* THE TASK: From the entries below, return exactly the lines beginning at the one that contains "Монитор для электронной" and ending at the one that contains "DRAKEY DRAKE MCDRAKERSON", both of them included, and only those lines.

* DATASET RECORDS:
"""

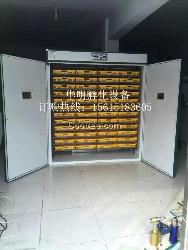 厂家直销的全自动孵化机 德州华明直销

"""
"""

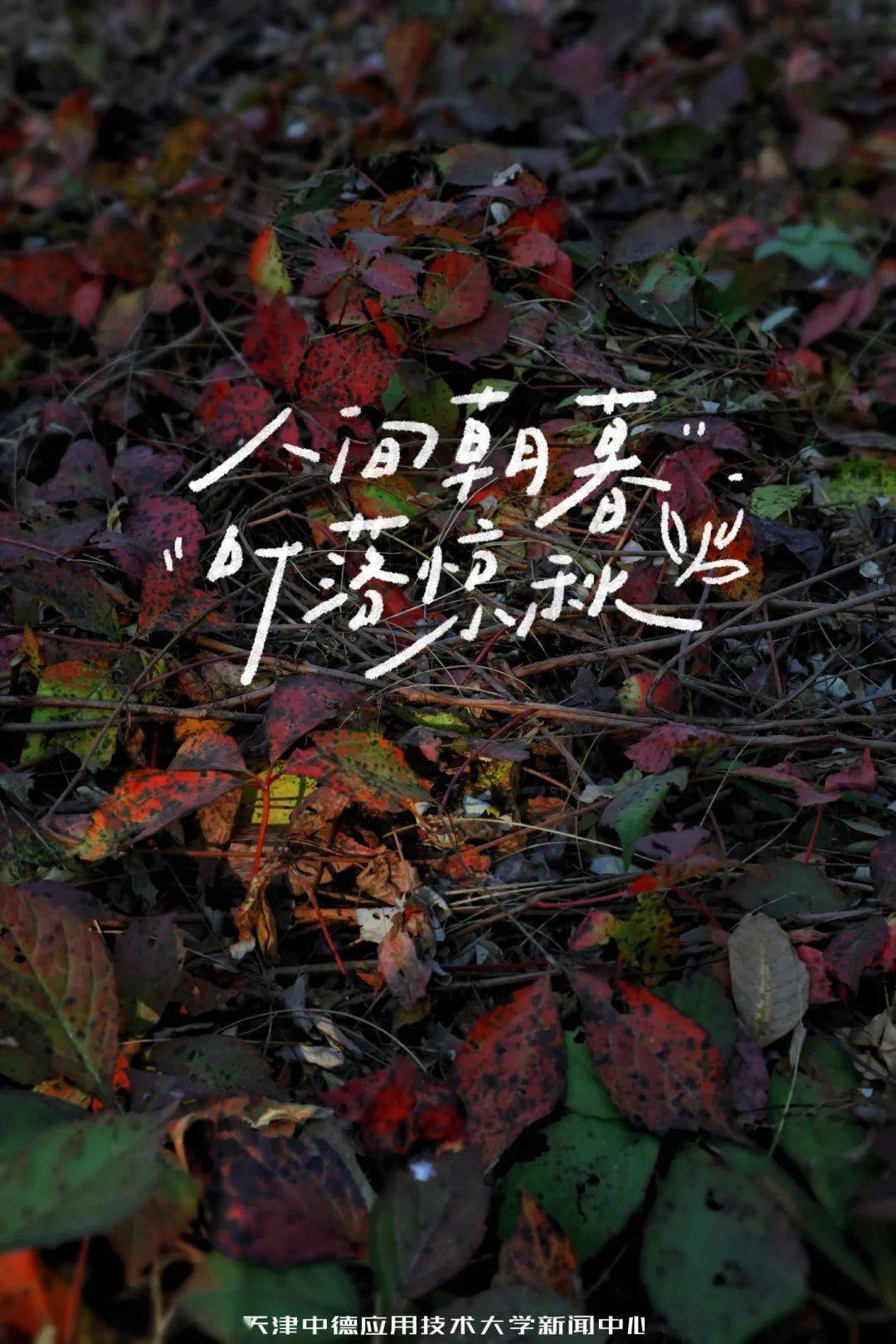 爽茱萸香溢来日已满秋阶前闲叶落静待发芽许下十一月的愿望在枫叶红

"""
"""

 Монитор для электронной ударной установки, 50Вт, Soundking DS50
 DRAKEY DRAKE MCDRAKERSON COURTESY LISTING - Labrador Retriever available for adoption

"""

* TASK SOLUTION:
 Монитор для электронной ударной установки, 50Вт, Soundking DS50
 DRAKEY DRAKE MCDRAKERSON COURTESY LISTING - Labrador Retriever available for adoption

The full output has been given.